Hey 1:14PM-I'm pretty sure I'm not the geezer hater, but I love him too. It's YOU I can't stand. You are just as awful as you claim he is. You very well may be a Russian bot, if so, give my regards to Comrade Putin.

Anonymous said...

Kids don't belong in taverns with or without their parents. I see them hand their darlings a cell phone to play a game or otherwise entertain themselves while Mummy texts on her phone.
If you guys don't want to change your lifestyle after you have kids, then DON'T have them. There are plenty of so-called parents out there who should have thought seriously about how kids change your life.

Anonymous said...

Kids don't belong in bars.

Anonymous said...

they will when the wetback barback gets deported!!!!!!

Anonymous said...

1:40 is geezer haters only friend, himself, trying to pretend like some one cares about him, don't worry, they don't.

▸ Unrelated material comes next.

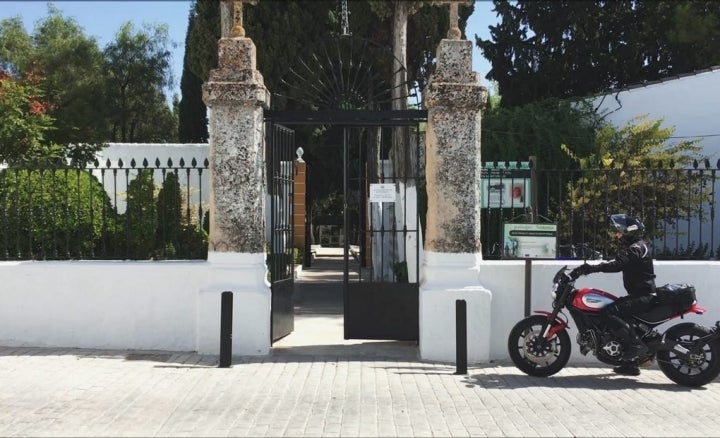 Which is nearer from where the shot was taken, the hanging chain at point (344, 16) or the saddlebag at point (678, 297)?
the saddlebag at point (678, 297)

LMAO!!!!!

Anonymous said...

We use to go to the tavern to talk to friends when I was 9. Kids rooms back then we're called alleys.

Anonymous said...

Will the bars be required to have little tables and chairs with coloring books and wooden puzzles like the doctors office ?

Anonymous said...

^^^I love the geezer hater. Geezers are assholes. You are too, and dig this baby, you have no idea who I am! LMAO!!!!!

Anonymous said...

^Definitely the Goof Geezer Hater @1:40.

He's to be ignored. Again, 12:50/1:40 is a buttboi craving Russian poopchute munching.